Dengan Zato Ichi dia memang tak pernah berkelahi secara langsung. Namun pendekar buta itu sendiri mengakui, bahwa dia takkan menang kalau berkelahi melawan si Bungsu. namun saya harus menghadapinya. Harus!
Kalau dia berhak mencari pembunuh ayah dan ibunya sampai ke Jepang, apakah saya tak berhak mencari pembunuh ayah saya sampai ke Indonesia?
Baginya, atau bagi semua orang, kematian ayah saya barangkali memang sudah begitu. Mati karena dosanya. Tapi tidak bagi saya, bagi saya kematian ayah saya harus saya tuntut. Kalau tidak, bukankah saya menjadi anak yang tak membalas guna?
Betapa besarpun dosa yang telah diperbuat ayah kepada orang lain, tapi kepada saya dia sangat sayang. Dia tetap sayah saya. Dan sebagai seorang anak, kewajiban saya membelanya.
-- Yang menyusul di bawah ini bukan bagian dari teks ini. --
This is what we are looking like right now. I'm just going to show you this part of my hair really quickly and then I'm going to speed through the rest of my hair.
Michiko berhenti bercerita. Berhenti menangis. Kemudian mengangkat wajahnya dari dada
Salma. Menatap Salma dengan pandangan menyelidik.
Lalu bertanya:
"Engkau adalah orang yang pernah mencintainya. Apakah saya bersalah kalau saya
mencarinya untuk membalas dendam padanya?"
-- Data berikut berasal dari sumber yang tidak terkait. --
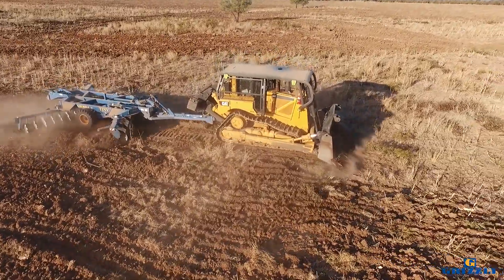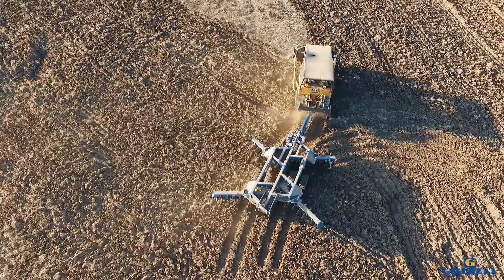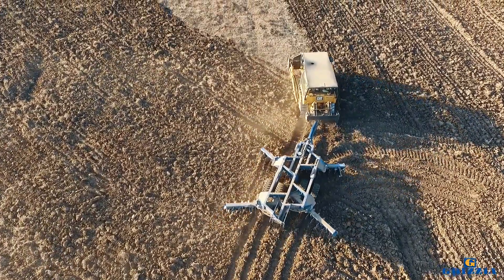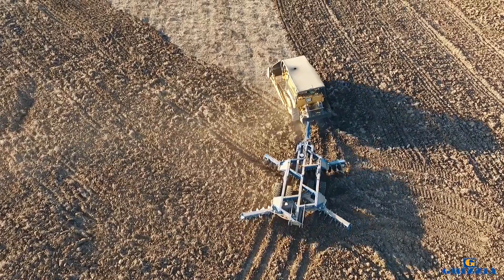All you do is pull the pins, they just slide and fold up — probably 10, 15, 20 minutes and you're backing onto a truck and gone.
Salma menggeleng perlahan.
Dan geleng kepalanya membuat Michiko menangis lagi.
"Saya mencintainya, Salma. Saya tahu, engkau juga mencintainya…."
"Tidak, Michiko. Barangkali saya memang benar mencintainya. Tapi cinta saya hanya
sebagai sahabat. Sebagai seorang adik kepada kakak. Saya telah bersuami. Telah punya
anak. Merekalah yang saya cintai kini…"
"Ya. Saya tahu. Dan itu pulalah yang saya alami, Salma. Saya memang masih mencintainya. Tapi cinta saya hanya sebagai bekas seorang kekasih. Sementara cinta yang dahulu telah bertukar dengan dendam. Saya… saya ingin membunuhnya…."
Salma tak berkata. Dia tak yakin bahwa gadis itu akan membunuh si Bungsu. namun dia tak menyatakannya.
"Hari sudah malam. Bagaimana kalau kita pulang?"
Michiko tersadar. Perlahan menghapus airmatanya. Kemudian mereka bersiap untuk pulang.